Expulsão de Bolsonaro: MP Militar aponta descaso abre a ofensiva judicial que pode retirar definitivamente o posto e a patente do capitão reformado Jair Bolsonaro, condenado pelo Supremo Tribunal Federal a 27 anos e 3 meses de prisão por tentativa de golpe de Estado. Na terça-feira, 3 de fevereiro de 2026, o Ministério Público Militar (MPM) protocolou, no Superior Tribunal Militar (STM), o pedido que enquadra o ex-presidente em oito violações ao Estatuto dos Militares.
A representação, assinada pelo procurador-geral da Justiça Militar, Clauro Roberto de Bortolli, sustenta que o ex-mandatário demonstrou “descaso” com os princípios constitucionais e éticos que regem a carreira castrense. Ao lado de Bolsonaro, o MPM requer a expulsão dos generais Augusto Heleno, Paulo Sérgio Nogueira, Walter Braga Netto e do almirante Almir Garnier, todos também condenados pelo STF no mesmo processo.
Expulsão de Bolsonaro: MP Militar aponta descaso
Segundo o documento, Bolsonaro incorreu em:
- falta de conduta ilibada na vida pública;
- desrespeito ao princípio da dignidade da pessoa humana;
- descumprimento de leis e ordens de autoridades competentes;
- falta de zelo pelo preparo moral próprio;
- violação do espírito de cooperação institucional;
- ausência de comedimento em atitudes, gestos e linguagem;
- desrespeito ao acatamento das autoridades civis;
- descumprimento dos deveres fundamentais de cidadão.
Como será o julgamento no STM
Pela Constituição Federal, militares condenados a penas superiores a dois anos devem passar por um processo específico para avaliar perda de posto e patente. No STM, o relator será o ministro Carlos Vuyk de Aquino, nomeado em 2018 pelo então presidente Michel Temer. A revisão caberá à ministra Verônica Sterman, indicada por Luiz Inácio Lula da Silva em 2025. A Corte ainda não definiu a data de início do julgamento.
Implicações para as Forças Armadas
Se o tribunal acatar o pedido do Ministério Público Militar, Bolsonaro deixará de ter direito a salário, honras militares e acesso a instalações castrenses. O mesmo valerá para os demais oficiais processados. Será a primeira vez que o STM apreciará a expulsão de militares por crimes contra o Estado Democrático de Direito.
Para fundamentar o requerimento, o MPM anexou à peça processual a sentença do STF, depoimentos colhidos na investigação e pareceres que reforçam a incompatibilidade entre a conduta dos réus e os deveres militares. O órgão argumenta que manter as patentes de oficiais condenados por atentar contra a democracia “comprometeria a credibilidade institucional” das Forças Armadas.
Próximos passos
Depois de distribuído aos gabinetes do relator e da revisora, o processo seguirá para apresentação de recursos da defesa e, na sequência, para inclusão na pauta de julgamento.

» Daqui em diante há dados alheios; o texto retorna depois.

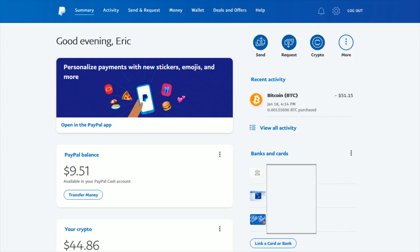In this video I'm going to walk you through the steps on how you can either change, delete, or remove a phone number that is on your PayPal account — such as a mobile number, a home number, or a work number. To do this you need to log into your PayPal account.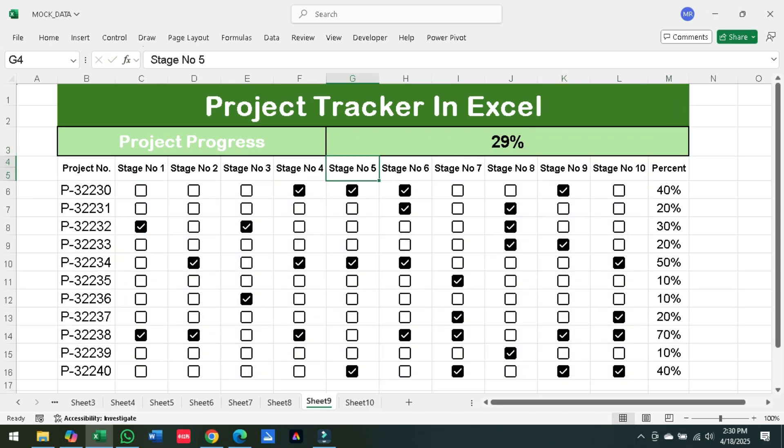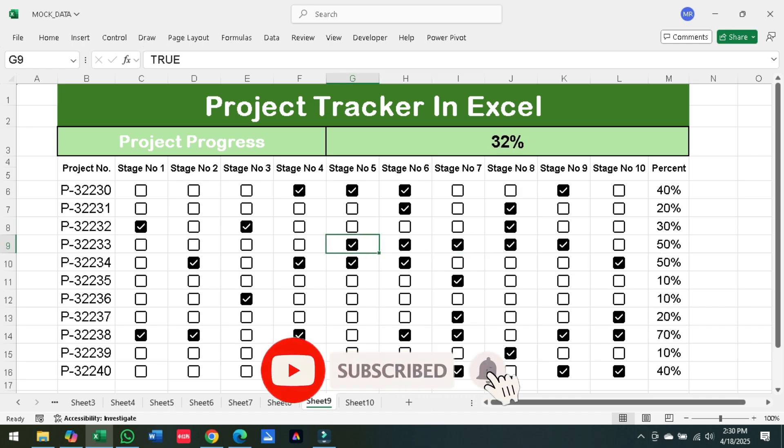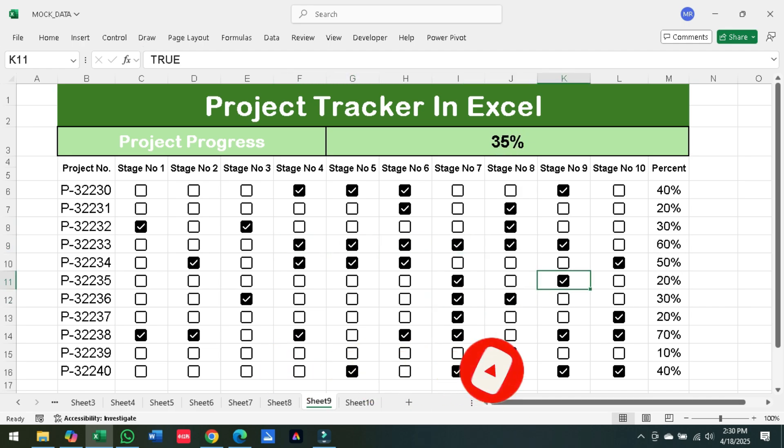And that's it! You've just built your own project progress tracker in Excel, fast and easy. If you found this tutorial helpful, hit the like button and subscribe for more Excel tips. Thanks for watching!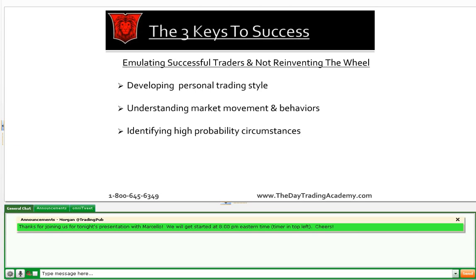Three things we've identified in the traders we've trained who have been successful: first, developing your own personal trading style. The concept is that you're not like me — we have different risk tolerances and different personalities, some more aggressive, some more conservative. The idea is to develop our own personal style within a framework: understanding how the market works and applying dynamic, rules-based principles to look at the market the right way. Second, understanding market movement and behaviors. Third, identifying high probability circumstances.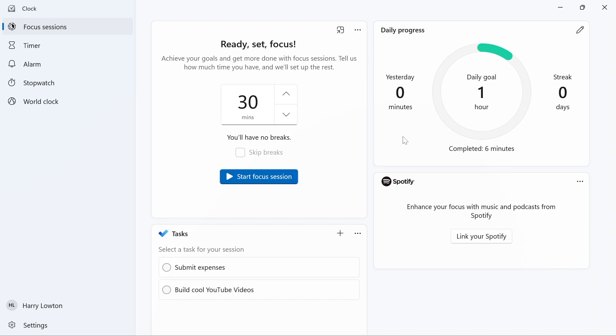Well, that's really all there is to focus sessions. I hope you can get some productivity out of this, but I've really been enjoying it. We'll see you in the next one.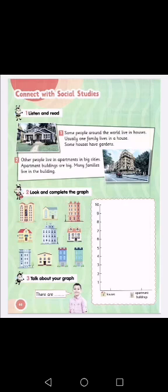Number two — other people live in apartments in big cities. There are also other people who live in large buildings in the city. Apartment buildings are big. The building and its space are large. Many families live in the building, because each one has their own apartment. Okay?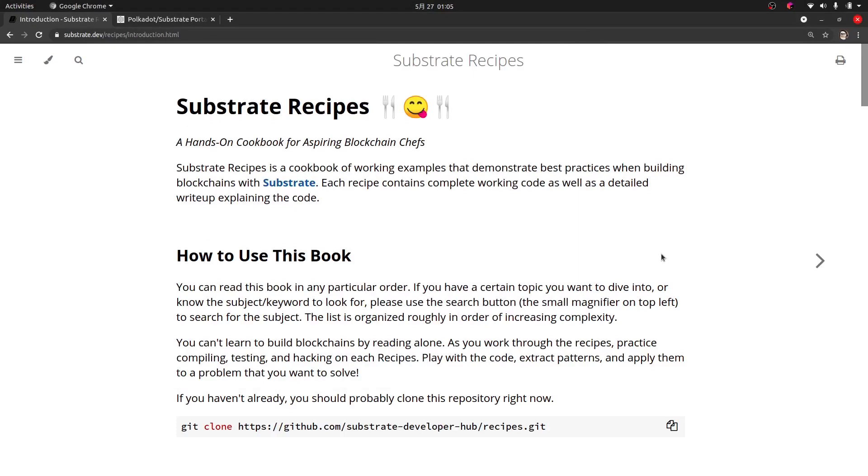Hi everyone, welcome back to this next part of Substrate Recipes. In this part we're going to expose our running node to a front end so that we can actually do something with our node and adjust our blockchain.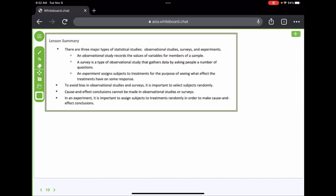To summarize the lesson — three types: observational studies, surveys, and experiments. Observational studies record values of variables for members of a sample; you're just observing and recording. A survey is a type of observational study that gathers data by asking people questions. An experiment assigns subjects to treatments for the purpose of seeing what effect the treatments have on the response. To avoid bias in observational studies and surveys, it's important to select subjects randomly. Cause-and-effect conclusions cannot be made in observational studies or surveys. In an experiment, it is important to randomly assign subjects to treatments in order to make a cause-and-effect conclusion.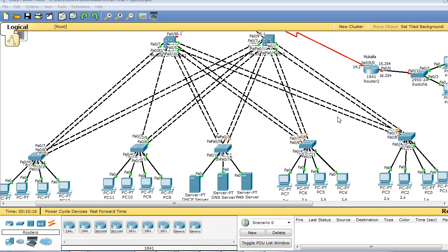This course contains articles, videos, the network topology in Packet Tracer, files of the required tasks, and complete solutions.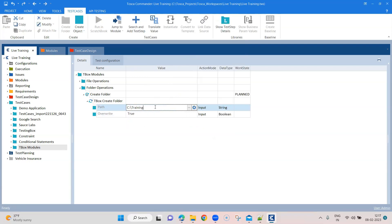But in the path, I need to extend it so that I can create a subfolder inside that particular folder. Otherwise it's going to just override that particular folder. So I'm going to call it folder one.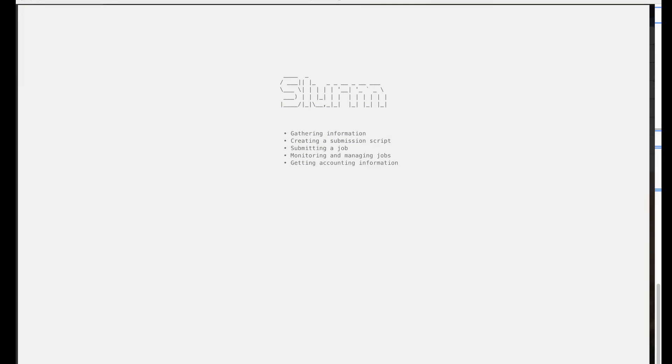So in this video you've seen the basic commands of SLURM and you've seen how to gather information on the cluster, how to create a submission script and how to submit it to the scheduler, and you've seen how to have a look at the queue and get past information. I hope this should get you started.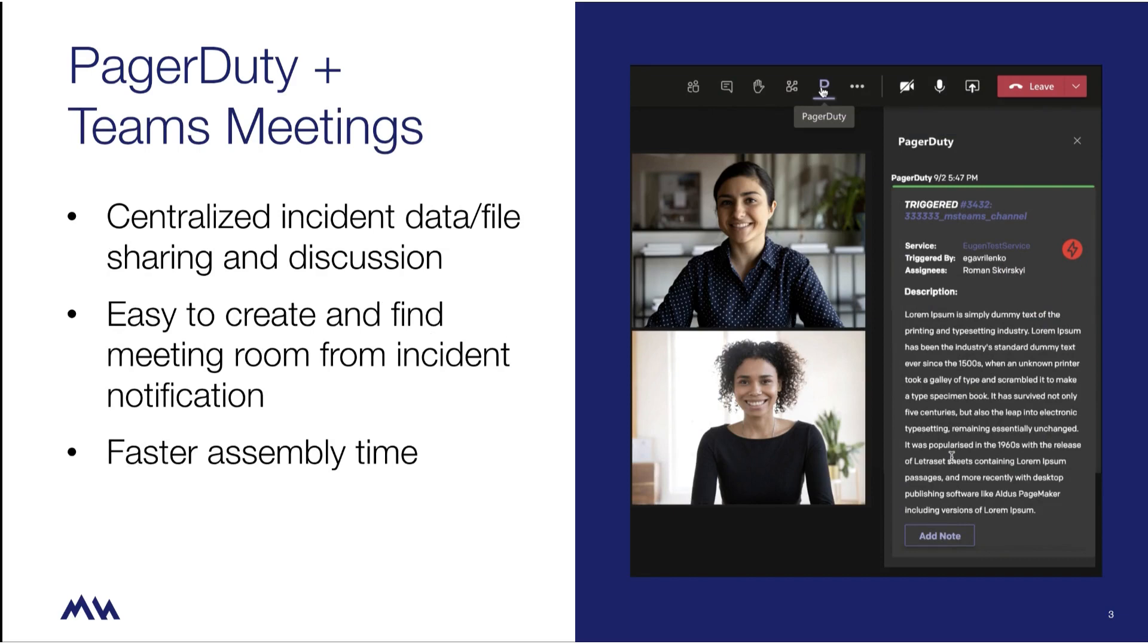If a major incident arrives, incident commanders can quickly gather all impacted teams via a video conference. No need to worry about context switching.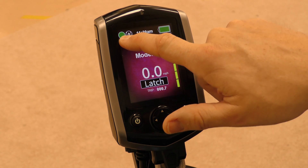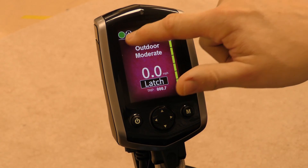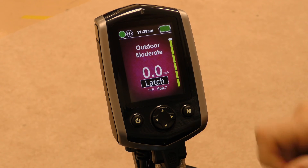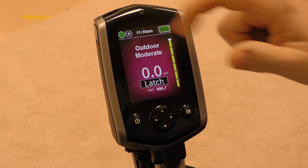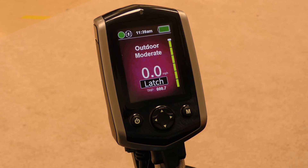Green means the chair can drive at full speed. If it was yellow, it would be in a speed reduction mode. And if it was red, it would be in a drive lockout.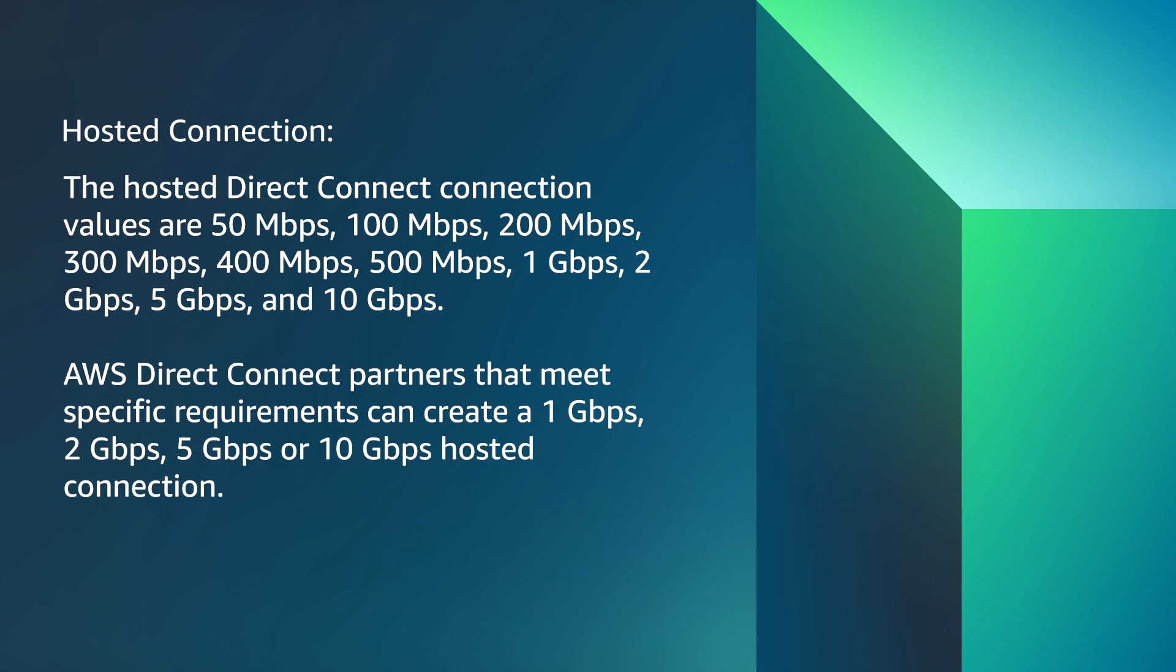The hosted Direct Connect connection values are 50, 100, 200, 300, 400, 500 Mbps and 1, 2, 5 and 10 Gbps.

A decisão do STM será tomada em sessão pública, por maioria de votos.
Imagem: Divulgação
Até lá, Bolsonaro permanece detido em estabelecimento militar de Brasília, onde cumpre a pena imposta pelo Supremo. Generais e almirante condenados aguardam em unidades correspondentes às respectivas forças.
Os desdobramentos do caso podem redefinir a relação entre ex-líderes políticos e as instituições militares brasileiras, trazendo consequências diretas para a imagem das Forças Armadas e para o debate sobre responsabilidade de agentes públicos.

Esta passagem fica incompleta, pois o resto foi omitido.